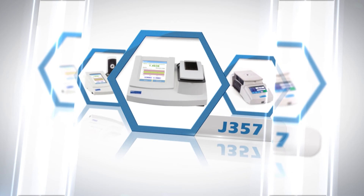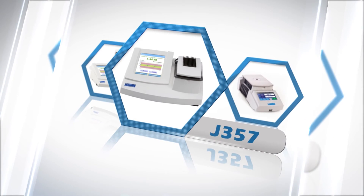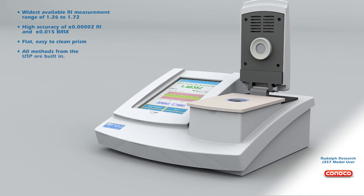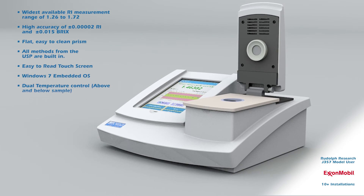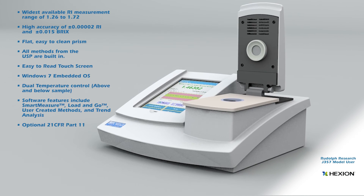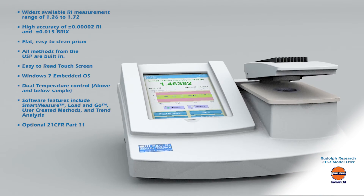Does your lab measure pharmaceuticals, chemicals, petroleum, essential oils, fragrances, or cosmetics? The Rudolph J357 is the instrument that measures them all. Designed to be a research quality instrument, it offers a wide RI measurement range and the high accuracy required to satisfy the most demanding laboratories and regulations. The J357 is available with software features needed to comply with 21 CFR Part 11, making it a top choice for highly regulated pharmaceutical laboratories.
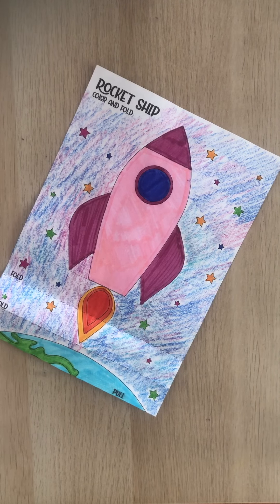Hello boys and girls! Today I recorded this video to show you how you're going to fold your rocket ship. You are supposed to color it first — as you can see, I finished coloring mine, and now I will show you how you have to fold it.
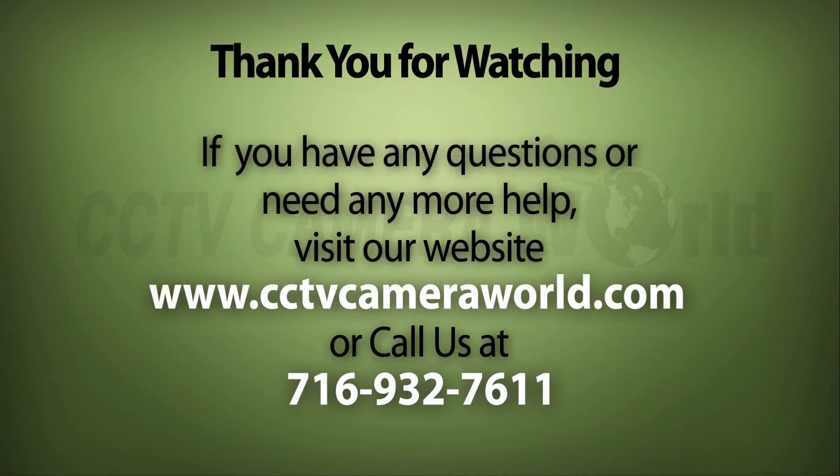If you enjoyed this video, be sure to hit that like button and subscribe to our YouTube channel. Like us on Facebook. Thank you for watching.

--

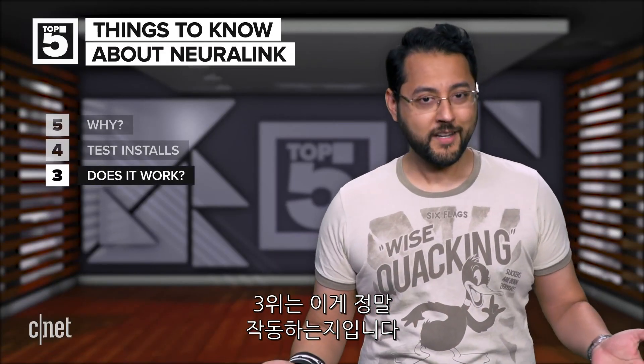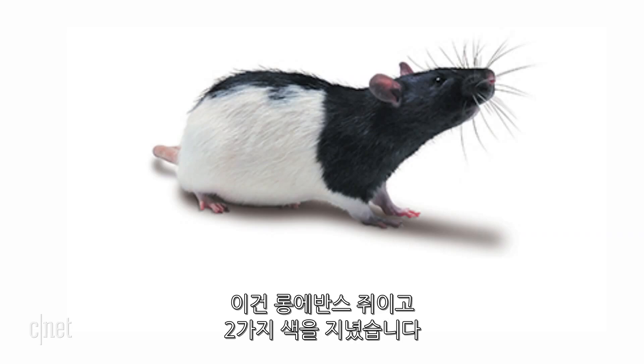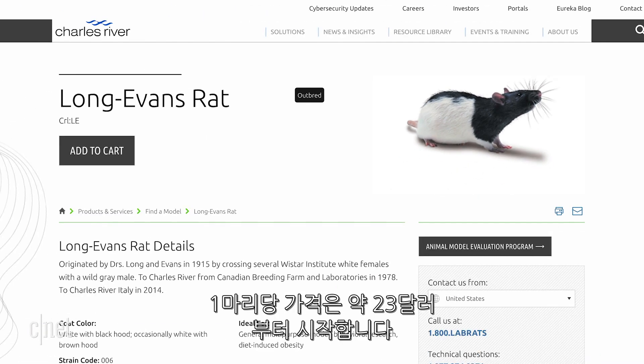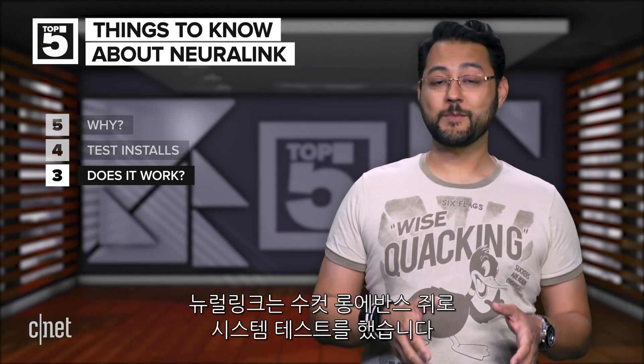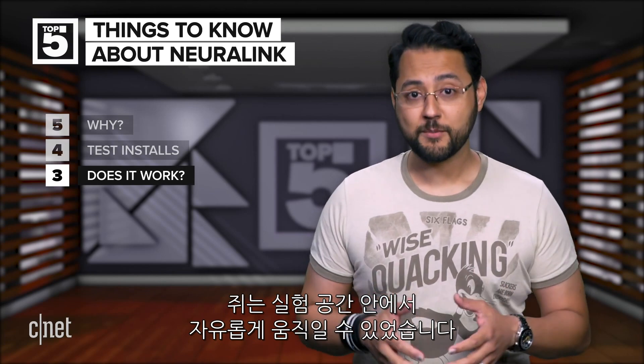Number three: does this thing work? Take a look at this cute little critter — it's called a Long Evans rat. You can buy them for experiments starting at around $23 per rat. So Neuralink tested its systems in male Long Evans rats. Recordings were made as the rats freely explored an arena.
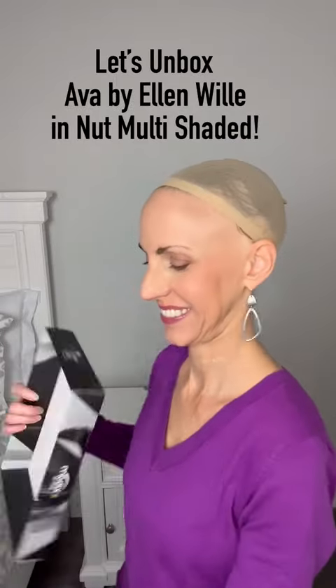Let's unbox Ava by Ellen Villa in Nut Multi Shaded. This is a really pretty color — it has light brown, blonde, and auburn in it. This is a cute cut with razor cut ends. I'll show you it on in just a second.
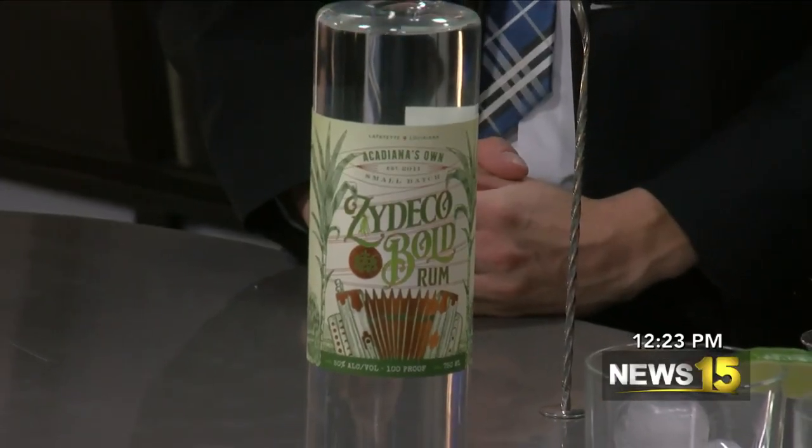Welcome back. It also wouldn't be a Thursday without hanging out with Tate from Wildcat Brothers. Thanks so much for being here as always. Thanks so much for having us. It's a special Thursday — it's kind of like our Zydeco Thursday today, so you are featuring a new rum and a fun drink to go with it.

▶ [What is being asked]:
Given the listing above, retype only the span of lines from the line with "Let's unbox Ava" up to and including the line with "Welcome back. It", exactly as it stands and without pictures.

▶ [Response to the exercise]:
Let's unbox Ava by Ellen Villa in Nut Multi Shaded. This is a really pretty color — it has light brown, blonde, and auburn in it. This is a cute cut with razor cut ends. I'll show you it on in just a second.
Welcome back. It also wouldn't be a Thursday without hanging out with Tate from Wildcat Brothers. Thanks so much for being here as always. Thanks so much for having us. It's a special Thursday — it's kind of like our Zydeco Thursday today, so you are featuring a new rum and a fun drink to go with it.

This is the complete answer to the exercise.